Es gibt auf "Syro" keine brennenden Überraschungen, keine noch nie gehörten Absurditäten oder komplett überirdisch vom Aphex Twin herbeigedokterten Alien-Sprachen zu erleben. "Syro" speist sich aus dem nicht gerade dünnen Werkkatalog des Richard D. James selbst – den er freilich auch nicht bloß ohne Vorbild aus der Luft abgezapft hat. Jungle, Ambientsurren, Hardcore Rave, Acid Basslines, Geisterstimmen hat Aphex Twin hier in einem quallenartig sich fortbewegenden Organismus aufgehen lassen. Er lebt, er rührt sich, erratisch zwar, jedoch mit eleganten Gesten.
"Syro" ist keine Platte, die den Schock-Effekt sucht, vielmehr ein Album, das als Pop-Sammelsurium aller Aphex-Twin-Styles gelten darf, in dem dann doch feine kleine Neujustierungen schillern: Die Bongo-Sounds am Ende des 10-minütigen zweiten Stücks. Eine verstärkte Betonung der Funkyness der Drums – freilich grundlegend immer die Basis jeglicher Breakbeat-Musik, hier aber tatsächlich immer wieder deutlich Richtung tatsächlichem, dirty Funk herausgearbeitet. Überkandidelter Space-Prog-Eskapismus mit vollelastischem Bass.
Es ist also so einiges los auf den Kanälen.
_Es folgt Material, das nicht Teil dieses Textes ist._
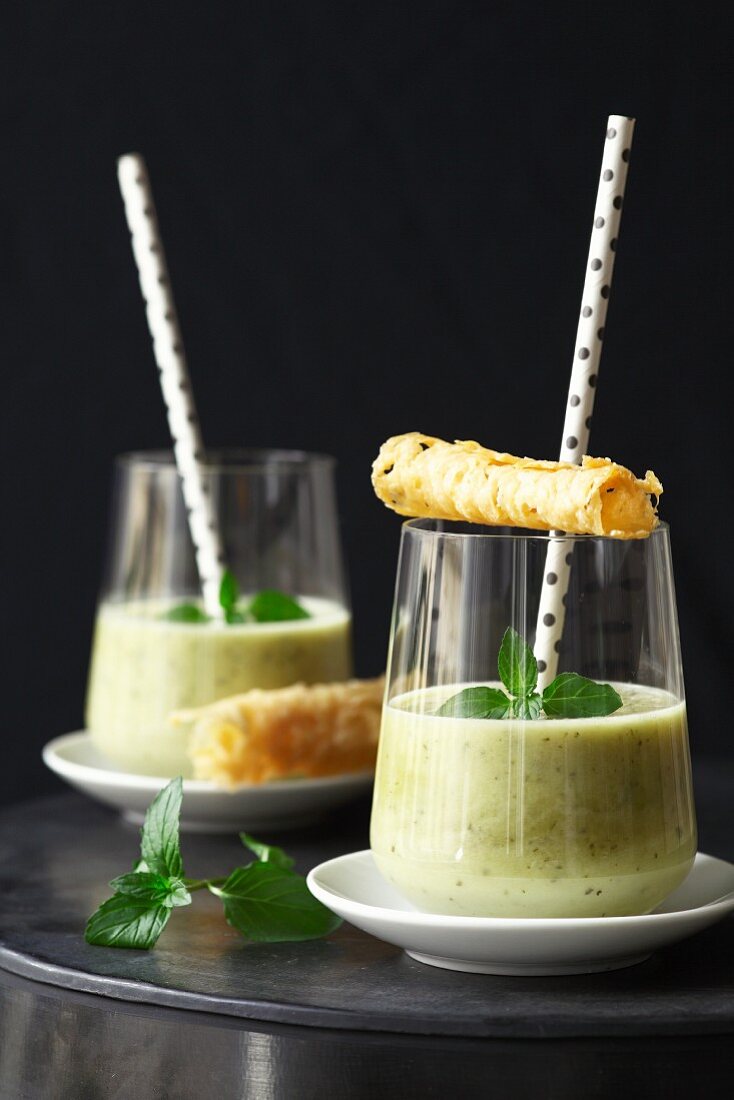 Cream of courgette soup with Parmesan wafers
Gurgel- und Quietsch-Geräusche faden rein und fallen weg, Sounds versanden, Tempowechsel, Risse, Brüche, was hier geschieht, ist freilich nicht nach der Idee "Song" organisiert, funktioniert jedoch auch nicht nach dem Prinzip "Techno-Track". Es ist eine rhizomatische Fortpflanzung von Technologie.
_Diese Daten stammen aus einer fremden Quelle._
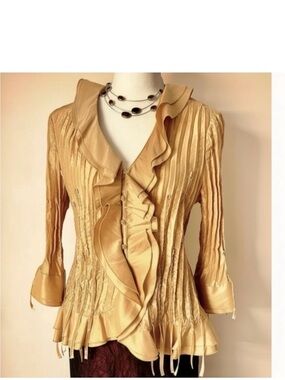 Vintage Gold Metallic Ruffle Romantic Boho Blouse Textured Details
Bei allem sprühenden Materialaufgebot und bei aller Rasanz ist "Syro" nicht anstrengend, nervig, ätzend und klingt nie nach Überfrachtung. Nicht nach Mischmasch und Sauce, sondern nach sauber gesetzten Reizen. Man kann sich beinahe vor geistigem Auge ausmalen, wie hier die Spuren parallel laufen, isolierte Signale, die gemeinsam eine seltsame, so bekannte und verwirrende Versuchsanordnung ergeben. Eine Installation über die Zeichen, die es gibt, die noch dazu schön anzuschauen ist. Rough und delikat.
Warp Records
Die meisten der zwölf Stücke auf "Syro" hat Aphex Twin mit schwer zu entschlüsselnden und kaum auszusprechenden Buchstaben- und Ziffern-Kombinationen als Hinweise auf das in ihnen verwendete Equipment benannt. Es ist die reine Mechanik, die ganze Körperlichkeit. Bloß die Abschlussnummer nennt sich "aisatsana" – eine minimalistische Klavier-Meditation, wieder einmal ganz klar an Erik Satie angelehnt, mit Vogelgezwitschere, die James seiner Ehefrau Anastasia gewidmet hat. So scheint selbst der Aphex Twin dieser wild wuchernden Platte mit tausend losen Fäden ein abrundendes, schließendes, versöhnliches Ende verpassen zu wollen.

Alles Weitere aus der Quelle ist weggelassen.